Write out, word for word, only the lines from the one with "[2DF2] 职工洗澡间连续偸拍下班后组团来冲澡的妹子们丰乳肥臀白花花的身子看的欲火难耐 [MP4/187MB][BT种子]" to the end of the data below.
※ ※ ※
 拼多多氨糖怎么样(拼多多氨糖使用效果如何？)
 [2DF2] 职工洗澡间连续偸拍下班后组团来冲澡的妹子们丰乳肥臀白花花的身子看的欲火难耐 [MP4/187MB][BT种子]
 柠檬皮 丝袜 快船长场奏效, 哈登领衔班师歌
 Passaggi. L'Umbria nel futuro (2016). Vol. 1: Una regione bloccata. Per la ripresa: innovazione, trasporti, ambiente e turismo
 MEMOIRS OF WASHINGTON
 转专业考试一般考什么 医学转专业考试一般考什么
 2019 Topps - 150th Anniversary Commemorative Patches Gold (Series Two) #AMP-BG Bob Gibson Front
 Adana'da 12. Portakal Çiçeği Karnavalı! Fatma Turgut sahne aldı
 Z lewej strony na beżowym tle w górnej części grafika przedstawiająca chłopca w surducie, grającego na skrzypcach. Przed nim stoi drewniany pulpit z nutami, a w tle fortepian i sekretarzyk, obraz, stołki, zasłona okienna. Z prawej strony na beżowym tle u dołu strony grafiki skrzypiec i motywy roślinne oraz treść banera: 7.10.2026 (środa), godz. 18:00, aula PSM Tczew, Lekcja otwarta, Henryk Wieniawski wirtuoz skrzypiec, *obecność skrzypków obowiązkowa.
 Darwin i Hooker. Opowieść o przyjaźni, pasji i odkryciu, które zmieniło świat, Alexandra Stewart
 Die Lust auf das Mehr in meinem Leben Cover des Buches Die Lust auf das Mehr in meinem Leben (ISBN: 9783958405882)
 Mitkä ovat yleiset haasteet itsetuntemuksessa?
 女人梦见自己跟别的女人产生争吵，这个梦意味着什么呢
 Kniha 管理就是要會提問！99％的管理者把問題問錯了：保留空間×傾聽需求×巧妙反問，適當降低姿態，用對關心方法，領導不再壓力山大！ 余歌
※ ※ ※
Response for this exercise:
 [2DF2] 职工洗澡间连续偸拍下班后组团来冲澡的妹子们丰乳肥臀白花花的身子看的欲火难耐 [MP4/187MB][BT种子]
 柠檬皮 丝袜 快船长场奏效, 哈登领衔班师歌
 Passaggi. L'Umbria nel futuro (2016). Vol. 1: Una regione bloccata. Per la ripresa: innovazione, trasporti, ambiente e turismo
 MEMOIRS OF WASHINGTON
 转专业考试一般考什么 医学转专业考试一般考什么
 2019 Topps - 150th Anniversary Commemorative Patches Gold (Series Two) #AMP-BG Bob Gibson Front
 Adana'da 12. Portakal Çiçeği Karnavalı! Fatma Turgut sahne aldı
 Z lewej strony na beżowym tle w górnej części grafika przedstawiająca chłopca w surducie, grającego na skrzypcach. Przed nim stoi drewniany pulpit z nutami, a w tle fortepian i sekretarzyk, obraz, stołki, zasłona okienna. Z prawej strony na beżowym tle u dołu strony grafiki skrzypiec i motywy roślinne oraz treść banera: 7.10.2026 (środa), godz. 18:00, aula PSM Tczew, Lekcja otwarta, Henryk Wieniawski wirtuoz skrzypiec, *obecność skrzypków obowiązkowa.
 Darwin i Hooker. Opowieść o przyjaźni, pasji i odkryciu, które zmieniło świat, Alexandra Stewart
 Die Lust auf das Mehr in meinem Leben Cover des Buches Die Lust auf das Mehr in meinem Leben (ISBN: 9783958405882)
 Mitkä ovat yleiset haasteet itsetuntemuksessa?
 女人梦见自己跟别的女人产生争吵，这个梦意味着什么呢
 Kniha 管理就是要會提問！99％的管理者把問題問錯了：保留空間×傾聽需求×巧妙反問，適當降低姿態，用對關心方法，領導不再壓力山大！ 余歌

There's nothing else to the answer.